Since the international reading scheme was launched on the Island in 1997, 50 teachers in the public primary school system have been trained to deliver the programme - with ten being certified just last week.
Bermuda is only the sixth country in the world to incorporate Reading Recovery into its comprehensive literacy plan, and 32 teachers are currently delivering lessons every day to those children in primary two who are falling behind in their reading ability.
The six-year-olds have 30-minute one-on-one reading lessons each day, designed purely to meet their individual needs, with a trained instructor until they have reached the acceptable standard.
Each lesson involves both reading and writing with the aim of making the children independent learners.
Ministry Education officer Darnell Wynn, who leads the programme, said to mark the anniversary this year a special pin had been created.
She said: "Last year, some 33 percent of the primary two population received Reading Recovery and 81 percent were successful.
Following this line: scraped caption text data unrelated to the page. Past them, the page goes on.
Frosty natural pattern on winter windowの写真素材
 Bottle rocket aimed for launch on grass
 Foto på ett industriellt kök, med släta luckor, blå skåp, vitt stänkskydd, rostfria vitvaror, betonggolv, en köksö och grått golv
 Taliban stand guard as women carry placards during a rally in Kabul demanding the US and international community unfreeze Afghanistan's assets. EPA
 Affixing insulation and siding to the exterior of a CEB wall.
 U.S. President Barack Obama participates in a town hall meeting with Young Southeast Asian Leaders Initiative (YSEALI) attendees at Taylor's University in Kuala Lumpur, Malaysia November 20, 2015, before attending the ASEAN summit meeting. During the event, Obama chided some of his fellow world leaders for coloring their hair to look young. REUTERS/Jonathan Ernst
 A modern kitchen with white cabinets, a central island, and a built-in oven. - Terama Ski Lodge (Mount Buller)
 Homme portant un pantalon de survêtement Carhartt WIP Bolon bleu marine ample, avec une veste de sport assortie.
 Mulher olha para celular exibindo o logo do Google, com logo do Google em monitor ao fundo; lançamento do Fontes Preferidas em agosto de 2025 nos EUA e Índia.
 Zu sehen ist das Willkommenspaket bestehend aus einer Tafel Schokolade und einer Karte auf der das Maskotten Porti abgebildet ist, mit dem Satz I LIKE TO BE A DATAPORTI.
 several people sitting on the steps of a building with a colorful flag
"That means these children who were at risk for literacy failure were able to go back into their classes able to read and write successfully with their peers."
And she said the average programme of reading recovery lasted 18 weeks.
Ms Wynn said the programme had taken off so well in Bermuda, they were hoping to form a Reading Recovery Council and host an international conference on the programme at a later stage.
Ms Wynn said unlike remedial programmes, which waited for the child to fail, Reading Recovery intervened early in the first grade and gave the lowest achieving children a chance to succeed with reading and writing before a cycle of failure began.
She added: "Children who do not learn to read by the end of the first grade will fail to achieve in almost all other areas of the academic curriculum for as long as they remain in school.
"The emotional weight of this early failure is costly to the child and to society. Such failure creates the need for additional schooling, remedial, special education, psychological, and other services.
"Reading Recovery challenges beliefs about children who are failing. It achieves a seemingly impossible task. Children with very low achievement are helped in a surprisingly short time to make rapid progress."
And she said Reading Recovery was based on the premise that intervention in the education process needed to occur before children's poor habits became difficult to change and block future learning.
To mark the milestone last week, a reception was held by the Ministry at La Coquille restaurant, when the newly qualified instructors were presented with their certificates and badges.
The guest speaker was Dr. Clifford Johnson, from Georgia State University, who is a Reading Recovery trainer and who was involved in the initial implementation in the US.
He is also on the Island to assist the Bermuda group in setting up a Reading Recovery Council and to discuss the possibility of holding an international conference here, as well as to help promote early literacy among professionals and parents.